$ Let\;f \in\;\mathcal{C^3(U)\cup C(\bar U)}\;when\;\mathcal U\;is\;an\;open\;and\;bounded\;subset\;of\;\mathbb R^2.\; Assume\;that\;det\mathbf D^2f(x,y)\le 0\; for\; every\;(x,y) \in \mathcal U.$
$Prove\;that\; \max_{\bar U} f\;=\;\max_{boundary\;of\;U} f\; and\; \min_{\bar U} f\;=\;\min_{\mathcal boundary\;of\;U} f\;$
$By\; \mathbf D^2f(x,y) \; we\; denote\; \mathbf D^2f(x,y)\;=\;$$\begin{pmatrix} f_{xx} & f_{xy} \\ f_{yx} & f_{yy} \\ \end{pmatrix}\\$$ \\$ $where \;f_{xx} \; f_{xy}\; f_{yx}\; f_{yy} \; are\; partial\; derivatives\;of\; f $
I tried to prove this by setting $g_\varepsilon (x,y)=f(x,y)+ 2\varepsilon xy\;for\;\varepsilon \gt 0\;and\;\forall (x,y) \in U.$ Then by computing we get $det\mathbf D^2{g_\varepsilon (x,y)}=det\begin{pmatrix} g_\varepsilon{xx} & g_\varepsilon{xy} \\ g_\varepsilon{yx} & g_\varepsilon{yy} \\ \end{pmatrix}=det\begin{pmatrix} f_{xx} & f_{xy}+2\varepsilon \\ f_{yx}+2\varepsilon & f_{yy} \\ \end{pmatrix}=det \mathbf D^2 f(x,y)-4\varepsilon f_{xy}-4\varepsilon^2 \lt 0$ (Note that since $f_{xx}f_{yy}-f_{xy}^2 \le 0$ it follows that $f_{xy} \ge \sqrt{\vert f_{xx}f_{yy}\vert }\gt 0$)
Now, since $g_\varepsilon \in \mathcal C(\bar U)$ it attains its maximum at some point $(x,y) \in \bar U$. If $(x,y) \in U$ I derive a contradiction as follows. At a maximum it is necessary that $\mathbf Dg_\varepsilon (x,y)=0$ and $\mathbf D^2{g_\varepsilon (x,y)}$ be negative semi-definite. Thus $\max_{\bar U} g_\varepsilon = \max_{boundary\;of\; U} g_\varepsilon$.
Let $r \gt 0 $ such that $xy \le r^2\;\;\;\forall (x,y) \in U$
$max_{\bar U}f \le \max_{\bar U} g_\varepsilon = \max_{boundary\;of\; U} g_\varepsilon \le \max_{boundary\;of\;U} f + 2\varepsilon r^2$ and by letting $\varepsilon \to 0$ we deduce $\;\;\max_{\bar U} f \le \max_{boundary\;of\;U} f$
However I'm not pretty sure that actually exists such $r$ in $\mathcal U$. Could somebody improve this proof? I would appreciate any other help or hint because I've been stuck for days. Thanks in advance!

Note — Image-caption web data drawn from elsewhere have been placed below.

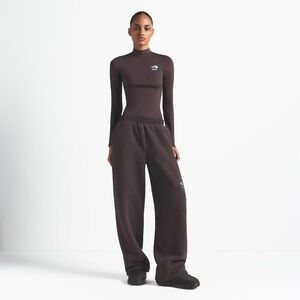 THE NORTH FACE X SKIMS 1995 DENALI FLEECE STRAIGHT LEG PANT PHOENIX SMALL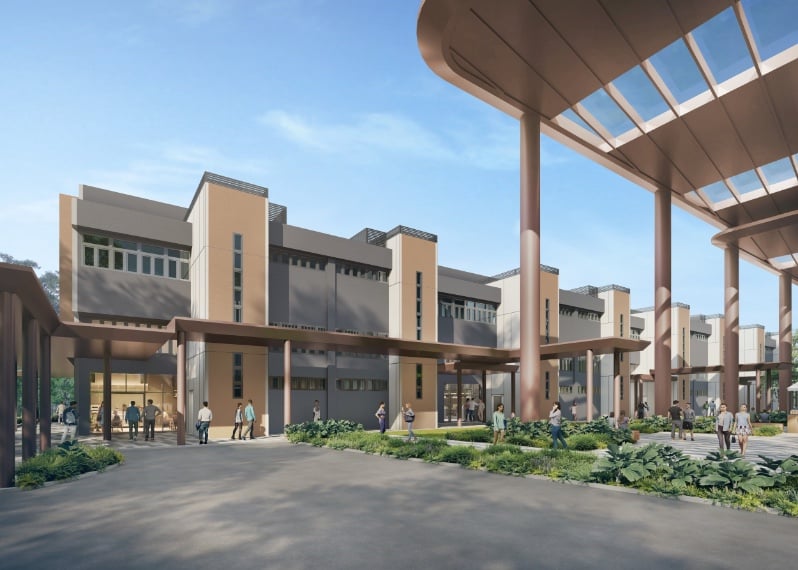 Gourmet Xchange Heritage Terrace street view artist impression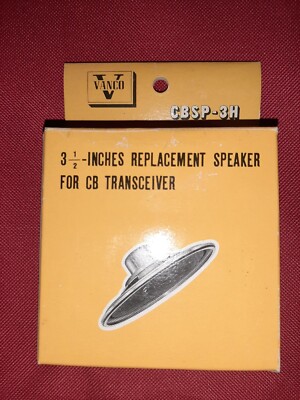 Vanco # CBSP-3H - 3 1/2  Round Speaker 8 Ohm NEW NOS NIB Vintage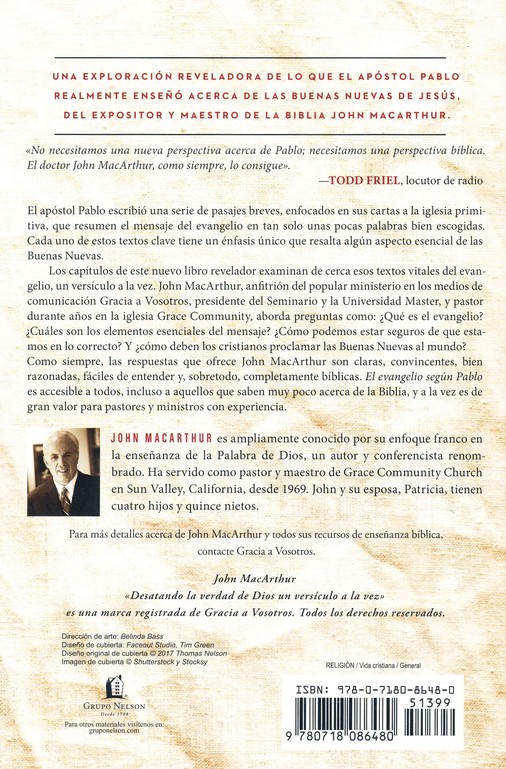 El Evangelio Según Pablo - Tapa Blanda - John F. MacArthur - Imagen 13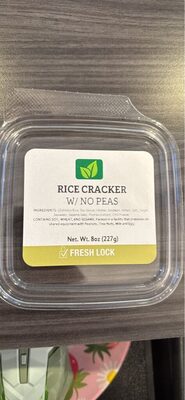 Rice Cracker W/ No Peas, Rice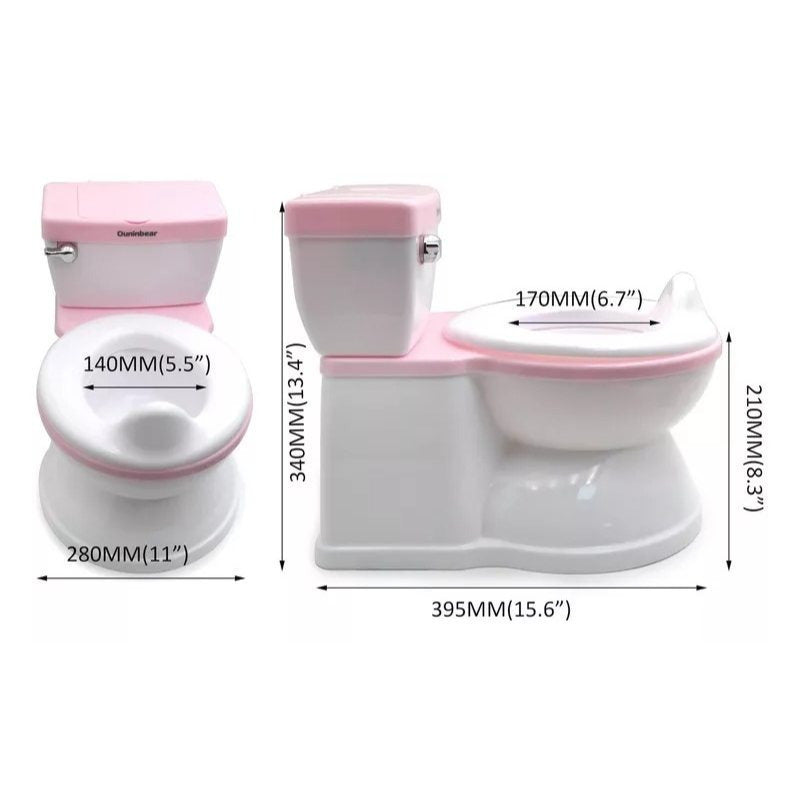 Inodoro de Entrenamiento con Sonido de Descarga: ¡Haciendo el Baño Divertido!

Here's a hit to get you started. If $g: \mathbb{R}^2 \to \mathbb{R}$ is $C^2$ and has a local maximum at $x\in \mathbb{R}^2$, then $D^2 g(x) \le 0$, i.e. $D^2 g(x)$ is negative semidefinite.
EDIT: (I typed the above while you were editing, so it looks like you know this already)
OK, you've got the above observation. The next important step is to realize that a positive semidefinite $2 \times 2$ matrix must have non-negative determinant, and a negative semidefinite $2 \times 2$ matrix must also have a non-negative determinant. One possible proof of this is to look at the eigenvalues, which must both have the same sign.
Now, this means that you actually want to show that your perturbation $g_\epsilon$ is such that $\det D^2 g_\epsilon < 0$. In your choice of $g_\epsilon$ you can actually take $\epsilon < 0$ if need be. You can do this based on the sign of $f_{xx} + f_{yy}$ at the point $(x_0,y_0)$ in order to make $\det D^2 g_\epsilon(x_0,y_0) < 0$.